I worry that just like so many cases this year, my son will be in trouble for playing. I worry that like the 6 year old boy in Silver Spring who pointed his finger and said ‘Pow!’ that my son will face suspension. I worry that like the Philadelphia fifth grade girl, my son may face invasive searches, public shaming, name calling. I worry that like the 5 year old Massachusetts boy (who made a gun out of Legos) that my son may receive threats of punishment. I have a fear that my son may face the horrendous treatment the 6 year old who wanted to shoot her friend with bubbles did. These punishments include:
- Psychological Evaluations
- being labelled as a making ‘terrorist threats’
My god, does this not seem simply insane to other people out there? I understand that ‘these are the rules’ but haven’t we always supported rising up against unfair and ridiculous rules and laws in society?

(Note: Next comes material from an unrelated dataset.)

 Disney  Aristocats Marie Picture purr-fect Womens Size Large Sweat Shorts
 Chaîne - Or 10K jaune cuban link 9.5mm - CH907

Or do we use that as a cover for our fear given the recent events involving gun violence we (and our schools) have faced? I cannot help but feel extremely worried, disturbed by the idea that we must corrupt, twist, and strip the innocence of normal childhood play because we as a people are afraid.
The principle of the school where the latest incident occurred gave this remark to Fox News-
“We need a safe environment for our students. While someone might think that making a Lego gun is just an action of a 5-year-old, to other 5-year-olds, that might be a scary experience.”
There is a difference between play, and intimidation. Obviously, should a child feel intimidated, or scared- those concerns should not be pushed aside because some child claims that they were ‘only playing’. Even if a child was playing in innocence, should another child feel uncomfortable- that should be addressed! I don’t feel that it is productive for the students, for the school, or for the general public that those (latter) incidents be handled in a hysterical, accusing, intolerant manner. These are not bad children. These are not children who are trying to harm others. These are loving, innocent children, who are being caught up in a social dilemma. It is not fair nor right to take out that fear on them.
I worry about what we are teaching our children when we overreact to these situations. What values are we impressing on them? I wonder how we are to teach children to modify their behaviour so that it is ‘appropriate’ if we do not react to the situation appropriately. Telling a five year old that she may go to jail, is simply not appropriate. The ramifications of instilling our fear and paranoia into the children of our nation is one that I am concerned about. Regardless of the national gun debate, surely… we must think of a different way to teach children what play is or is not appropriate and where. Surely, we can be adults and guide and mentor our children onto the right path to respect others, even in play. Surely, we can do that without traumatizing them for something that they do not yet understand.
Do you think that the current reactions to young elementary students is wrong, or do you feel that the schools are right in responding as they have?